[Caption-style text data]
....

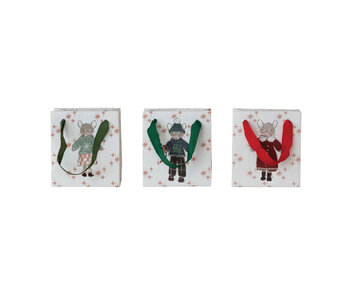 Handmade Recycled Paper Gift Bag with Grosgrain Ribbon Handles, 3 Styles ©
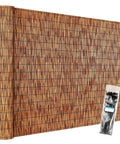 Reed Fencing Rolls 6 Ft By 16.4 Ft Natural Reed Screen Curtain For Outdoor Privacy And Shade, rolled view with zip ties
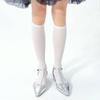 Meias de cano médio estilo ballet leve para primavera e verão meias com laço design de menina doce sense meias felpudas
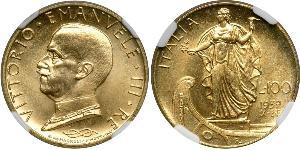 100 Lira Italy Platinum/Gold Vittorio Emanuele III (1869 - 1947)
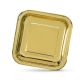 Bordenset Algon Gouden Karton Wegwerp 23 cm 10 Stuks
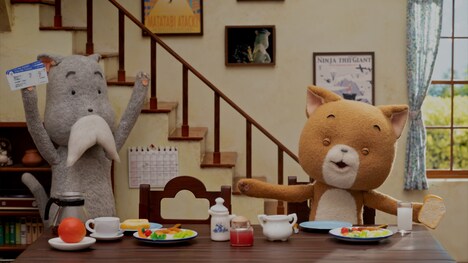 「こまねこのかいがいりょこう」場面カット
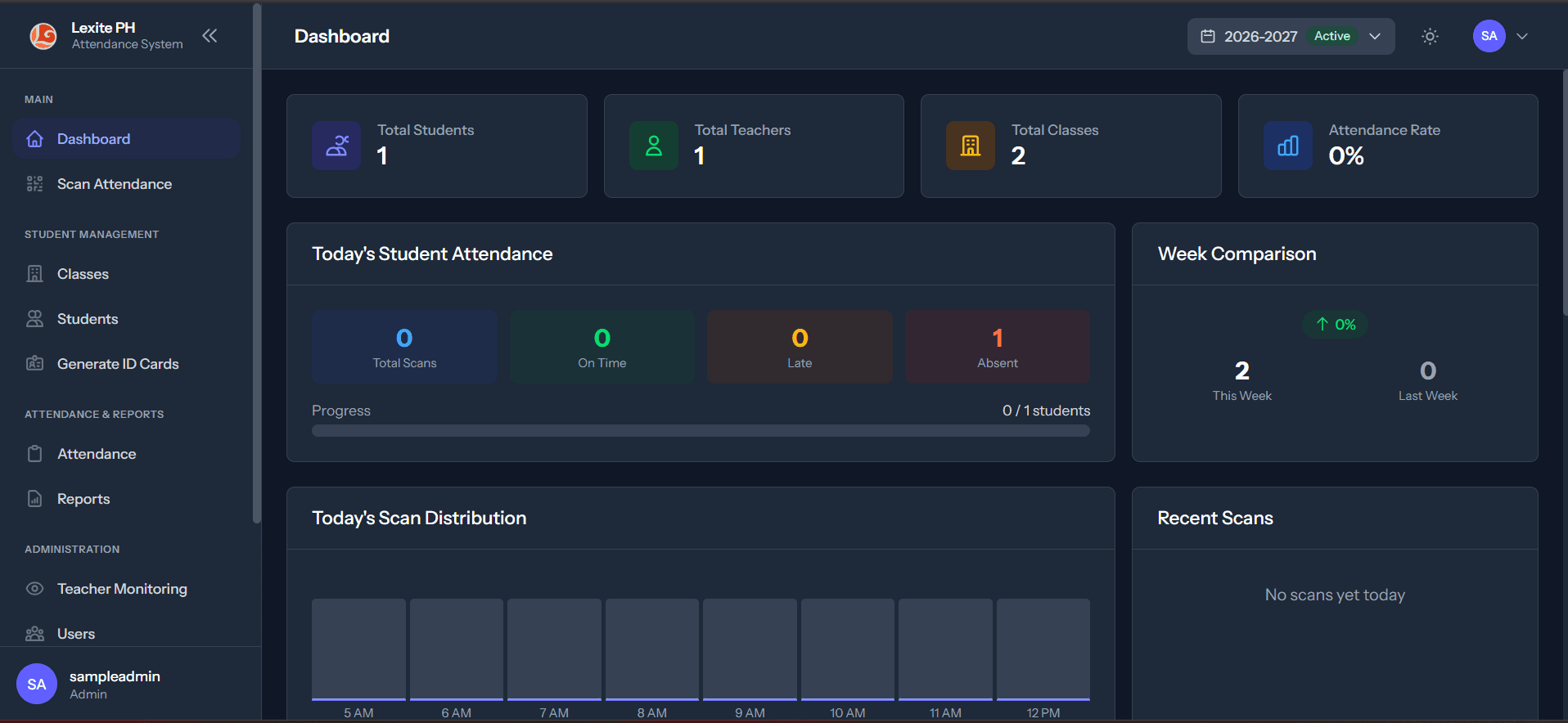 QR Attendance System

....

[How to complete this task]:
Output all of the data exactly. Skip the pictures.

[Exercise answer]:
 Handmade Recycled Paper Gift Bag with Grosgrain Ribbon Handles, 3 Styles ©
 Reed Fencing Rolls 6 Ft By 16.4 Ft Natural Reed Screen Curtain For Outdoor Privacy And Shade, rolled view with zip ties
 Meias de cano médio estilo ballet leve para primavera e verão meias com laço design de menina doce sense meias felpudas
 100 Lira Italy Platinum/Gold Vittorio Emanuele III (1869 - 1947)
 Bordenset Algon Gouden Karton Wegwerp 23 cm 10 Stuks
 「こまねこのかいがいりょこう」場面カット
 QR Attendance System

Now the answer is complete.